The ongoing saga of Clearwire has taken yet another turn as the independent shareholder firm Glass Lewis & Co. has recommended that minority shareholders in the Bellevue broadband wireless company vote against the increased offer from Sprint. The move comes a day after Crest Financial, which holds eight percent of Clearwire’s stock, claimed that Clearwire “stacked the deck” in Sprint’s favor.
That’s also the conclusion that Glass Lewis, a leading governance and proxy voting firm, has drawn. The decision comes a week after Sprint boosted its offer for the remaining shares of Clearwire that it doesn’t already own to $3.40 per share.
“Indeed, the undercurrent of the improved bid seems to reinforce many of our doubts about the original transaction process, and, in doing so, does little to off-set our belief that the board has failed to ensure the Sprint bid represents the greatest possible opportunity from the perspective of minority shareholders,” wrote the firm.

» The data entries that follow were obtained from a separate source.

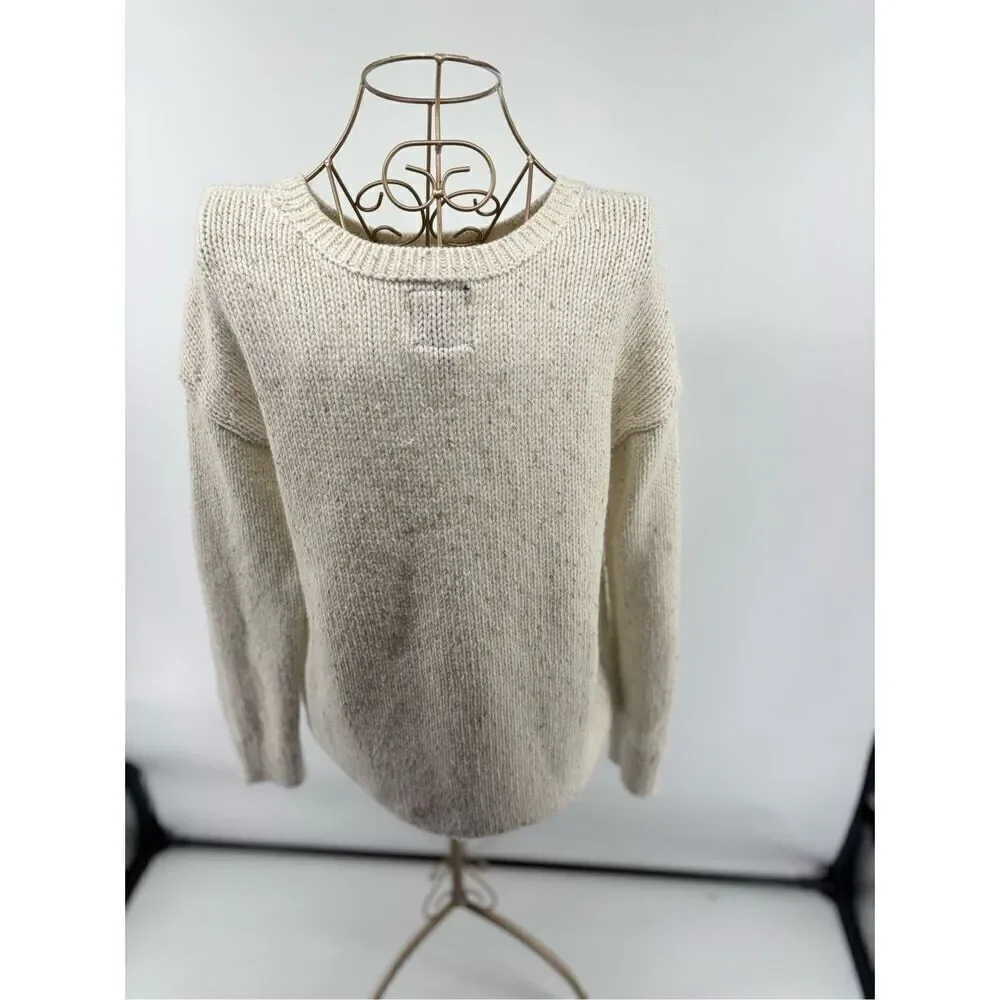 American Eagle Vintage Boyfriend Crewneck Sweater Size M Cream Metallic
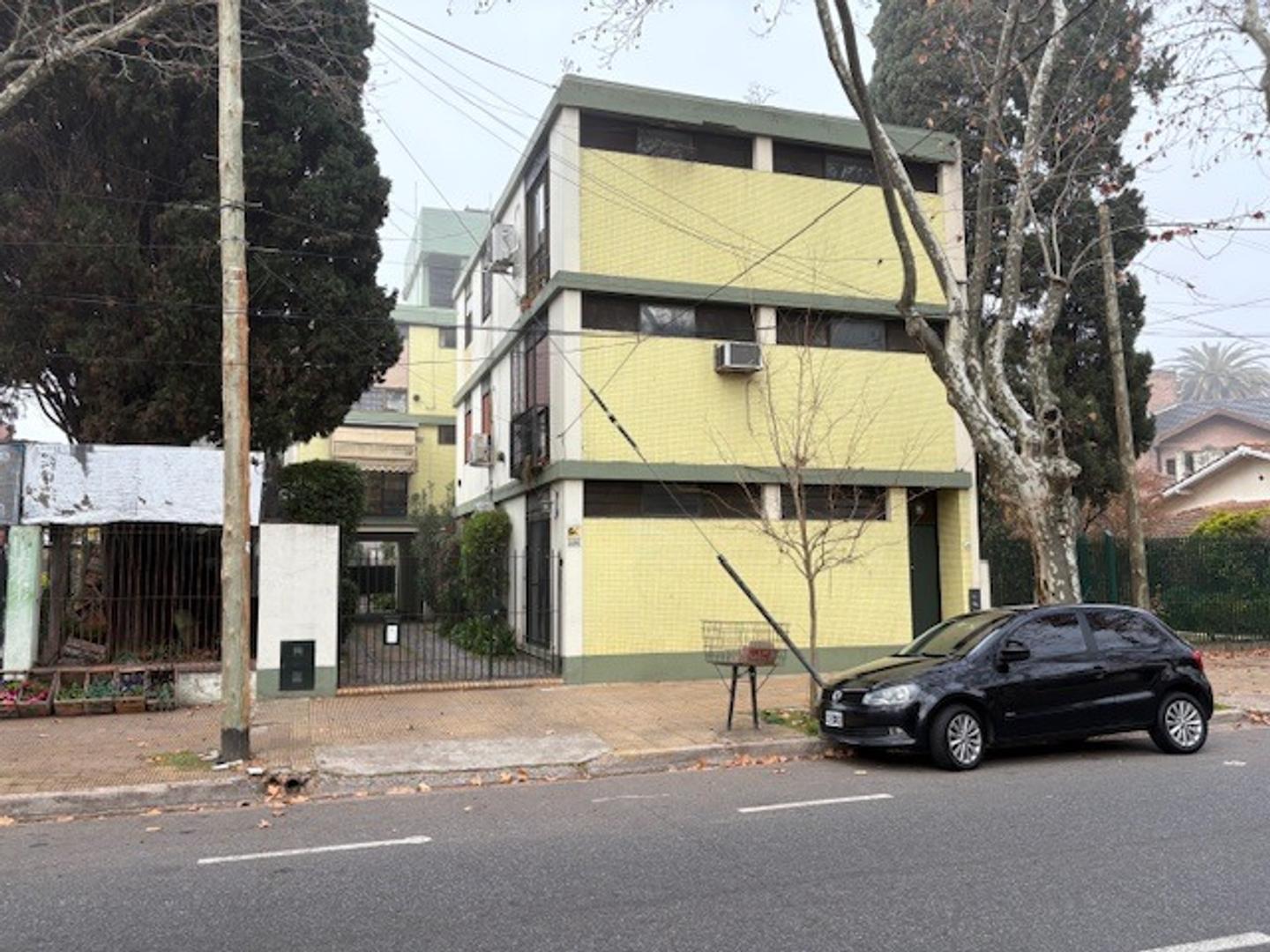 c/av depto de  2dor con  cochera s/cub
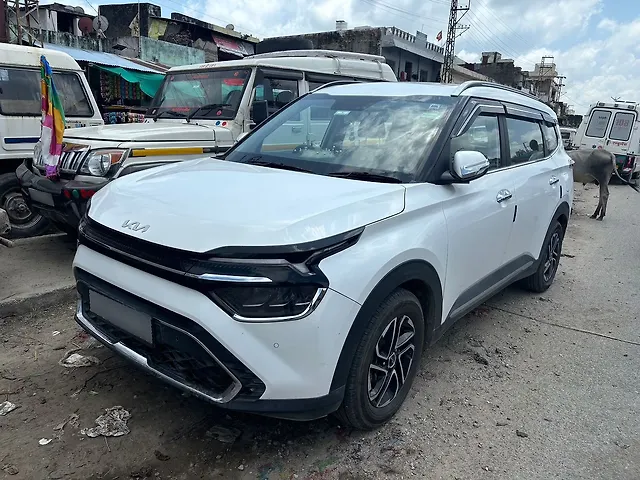 Used 2022 Kia Carens in Beawar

Clearwire today issued a statement saying that Glass Lewis’ “superficial” analysis was “fundamentally flawed and inaccurate.”
“The report also demonstrates a complete lack of understanding of Clearwire’s existing governance structure and erroneously assesses the value of the company’s proposed transaction with Sprint,” the response from Clearwire’s board said.
Clearwire’s board stressed that shareholders should vote for the Sprint deal on May 31, which represents a 14 percent premium over Sprint’s previous offer. They also pointed out that two other leading proxy firms — Institutional Shareholder Services and Egan-Jones — have recommended that investors vote for the deal.
“When the facts of Clearwire’s current situation are honestly and accurately assessed, it becomes clear that Sprint’s increased offer price represents fair, certain and attractive value and the best option for the company and minority stockholders,” the company wrote today in a response to the Glass Lewis report.